→ **Source data**
== Segment start ==
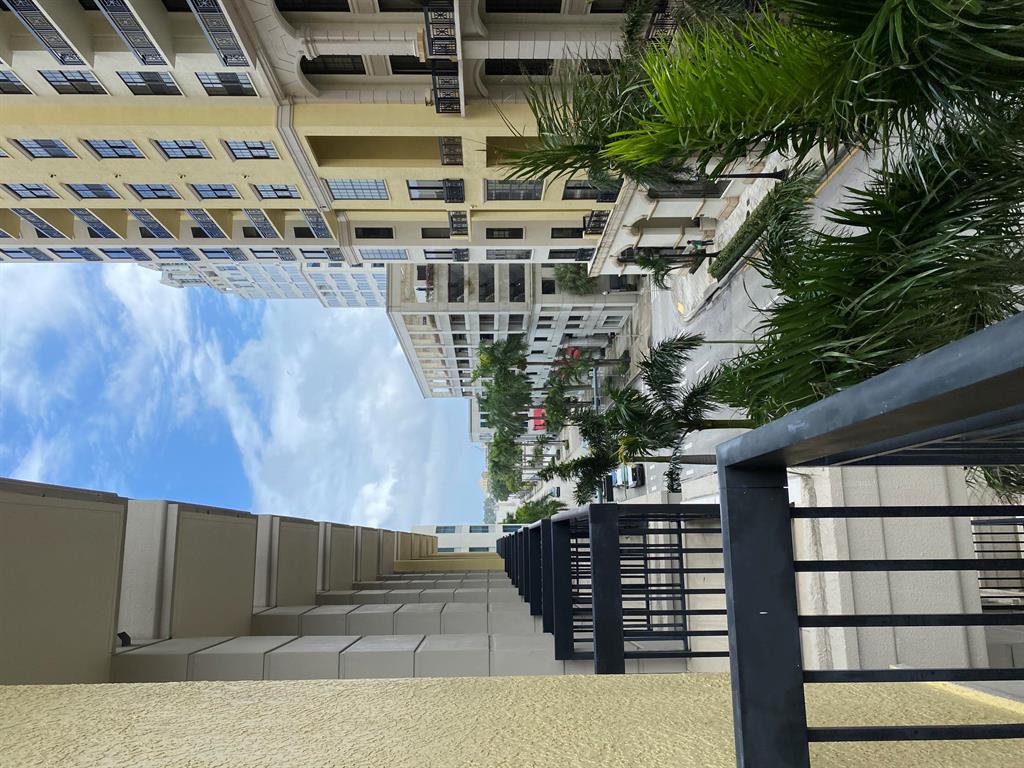 TWO CITY PLAZA CONDO - Residential Lease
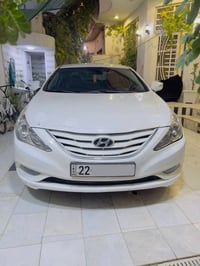 سوناتا • ٢٠١١ • مكينة ٢٤٠٠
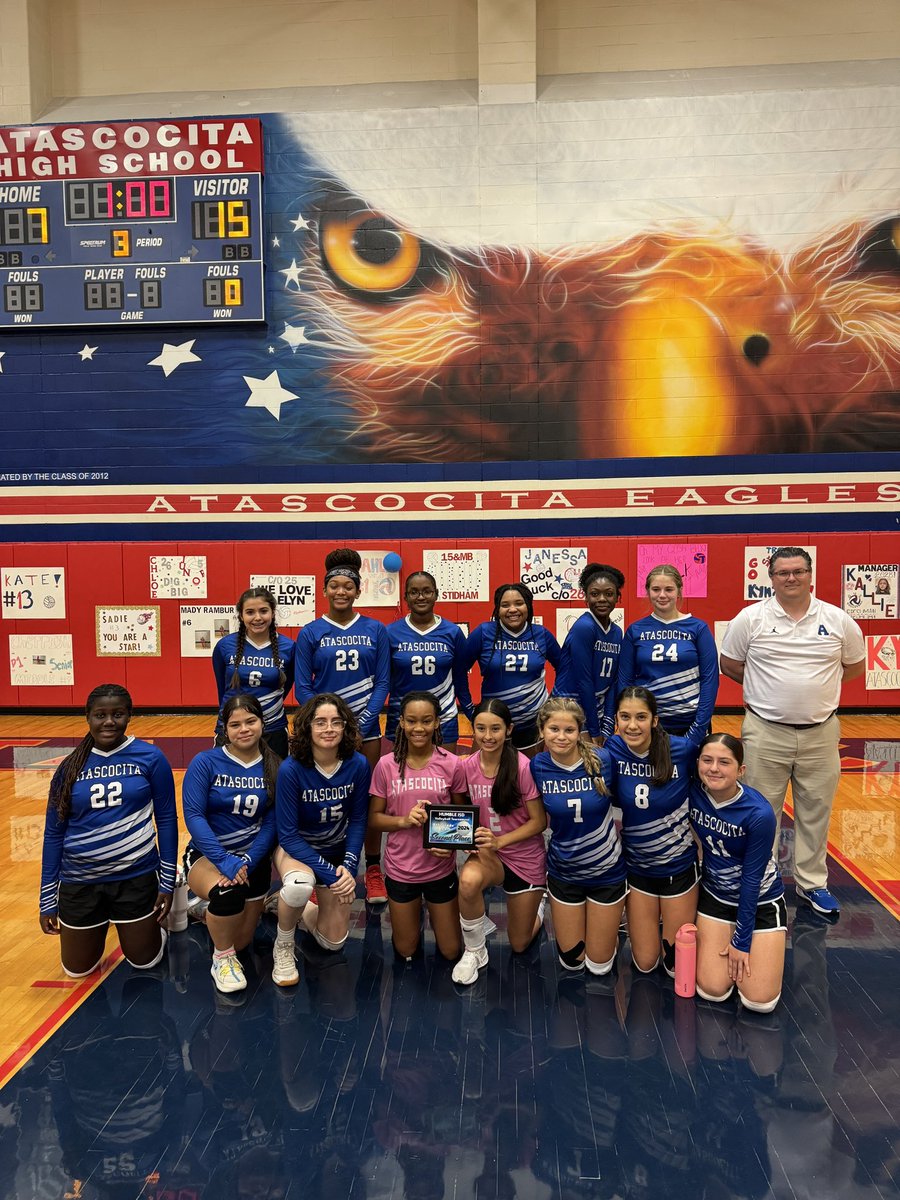 AHS VOLLEYBALL tweet media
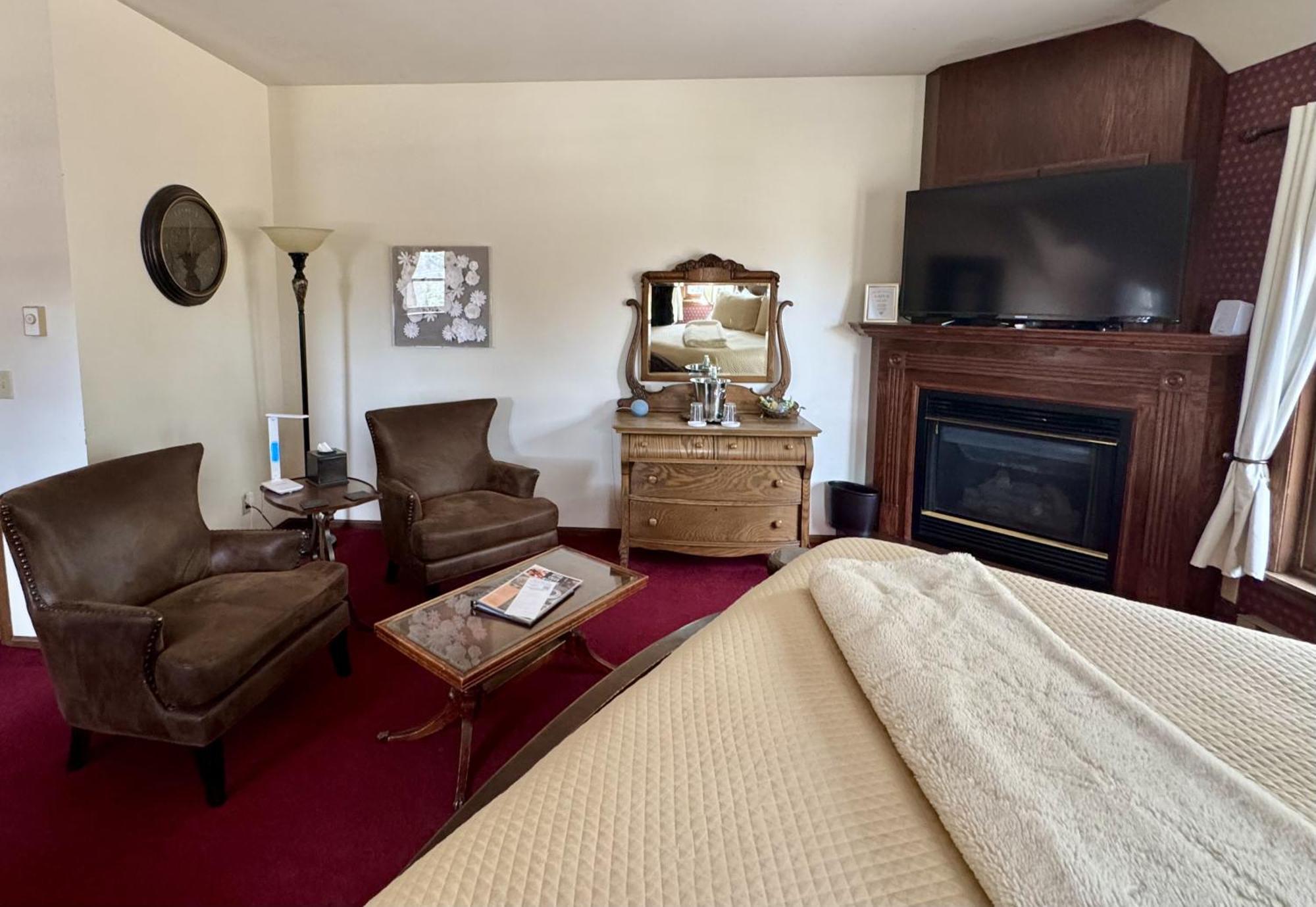 Otter Creek Eau Claire Altoona Bed & Breakfast Bagian luar foto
== Segment end ==
→ **Task directions**
Without the pictures, return the whole of the data exactly as given.

→ **Solved problem**
 TWO CITY PLAZA CONDO - Residential Lease
 سوناتا • ٢٠١١ • مكينة ٢٤٠٠
 AHS VOLLEYBALL tweet media
 Otter Creek Eau Claire Altoona Bed & Breakfast Bagian luar foto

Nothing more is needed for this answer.